The riverside lights that grace Hinduism’s holiest city capture beliefs and traditions that resonate even with non-believers. Peggy Hansen has this Perspective.
They hang high above the pavement, oddly unripe fruit dangling from bamboo poles. A slight breeze rises, and they rustle quietly against each other like fall leaves on a forgotten pathway. The ghat is crowded, aswarm with vendors and sadhus, tourists and locals, pilgrims and bathers, but none of them look up: They're not wandering, but moving with some purpose, even if they couldn't put a name to it. No matter, because the baskets aren't meant for them, at least not yet. And it's still midday, when the intended audience doesn't need their help.
At dusk, the baskets are transformed, empty wicker cavities suffused with warmth and light as each is lowered from its perch, a tiny earthen lamp placed in its belly, then gently raised back to its vista point high above the river. Sky and water merge as the blue hour deepens, impending darkness softened by rows of handmade lanterns flickering along the western fringes of the river. As air and water slide together toward slumber, the glowing baskets wake to take charge of the night shift.

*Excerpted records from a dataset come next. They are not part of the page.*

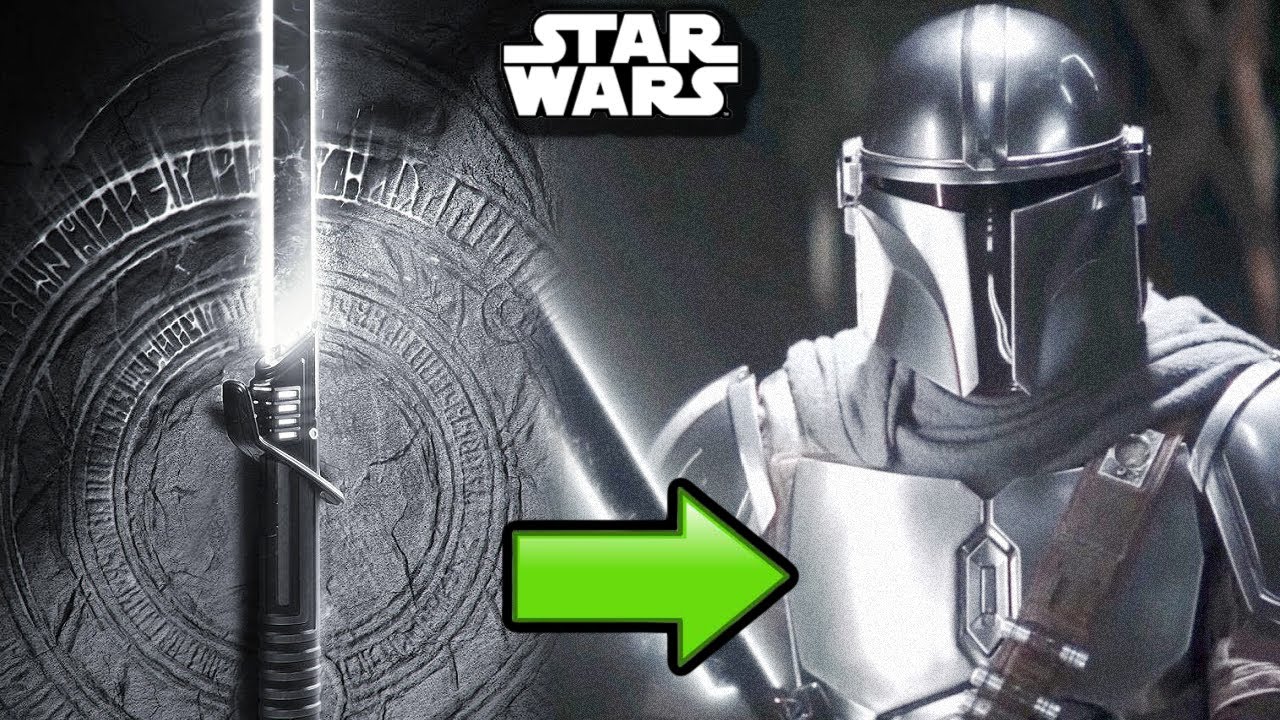 'The Mandalorian' Season 3 Finale Explained, Darksaber Fate ...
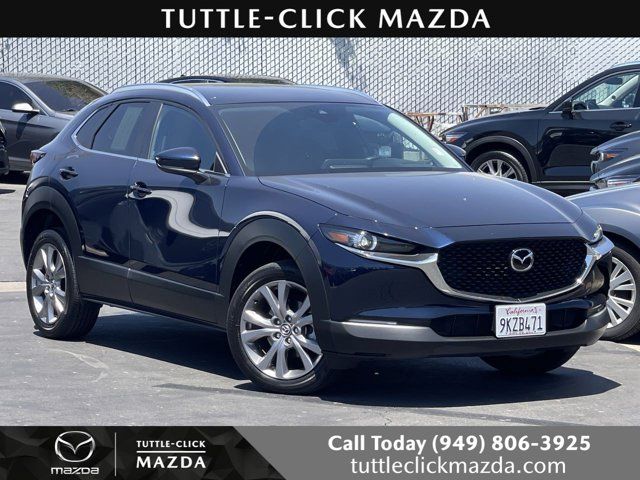 2022 Mazda CX-30 2.5 S Select Package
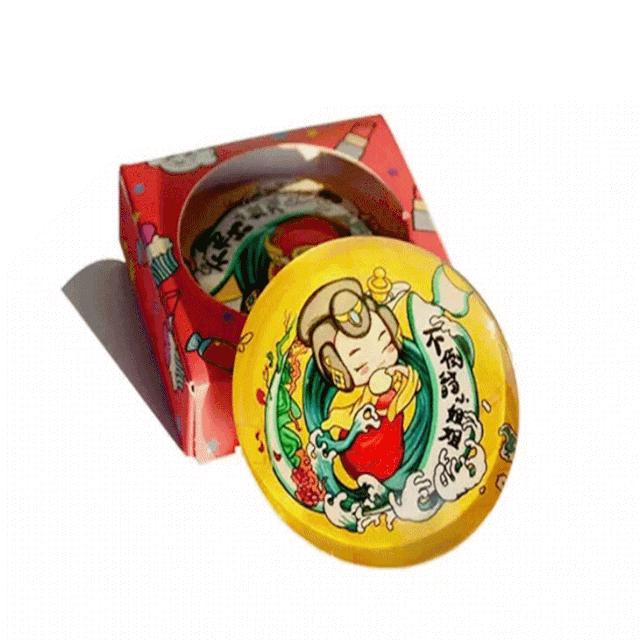 曲江文创出的伴手礼,买伴手礼还要送红包吗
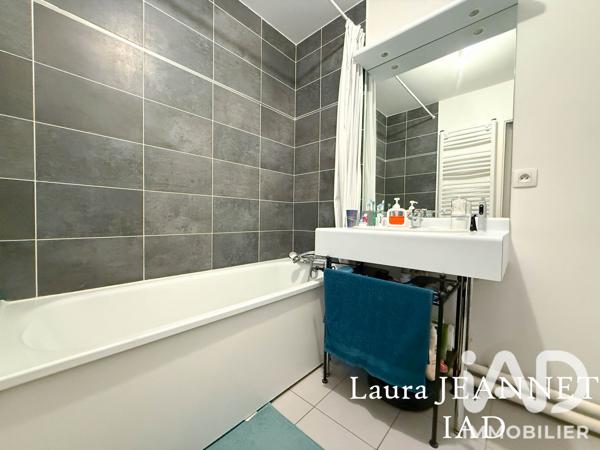 Appartement à vendre 4 pièces 81 m² Cergy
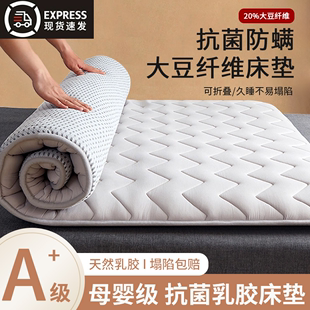 床垫软垫家用加厚垫被，宿舍学生单人榻榻米地铺垫子，床褥子租房专用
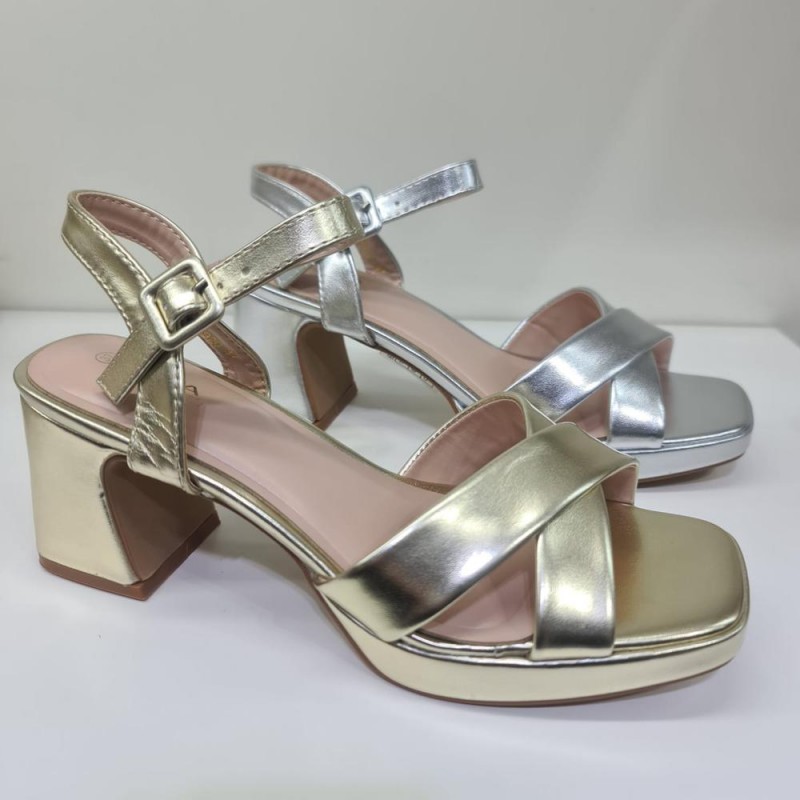 Sandalia T Medio Mia W6920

Clustered in groups of twos and threes and eights and tens, the lanterns line the riverbank like runway lights, meant to guide the souls of those departed ones who've lost the path and wander, desolate and aimless, in the night. The tiny lighthouses call out: “Here we are, this way to the river, this way to the peace you have been seeking.”
Not all who wander, to be sure, are lost….and not all believe in souls, or afterlives, or even the sacredness of certain spots on Earth. But in Varanasi, standing toe to toe with the great Ganga as night gently descends, it feels right that there are lanterns, and lamplighters, to light the way for those who do.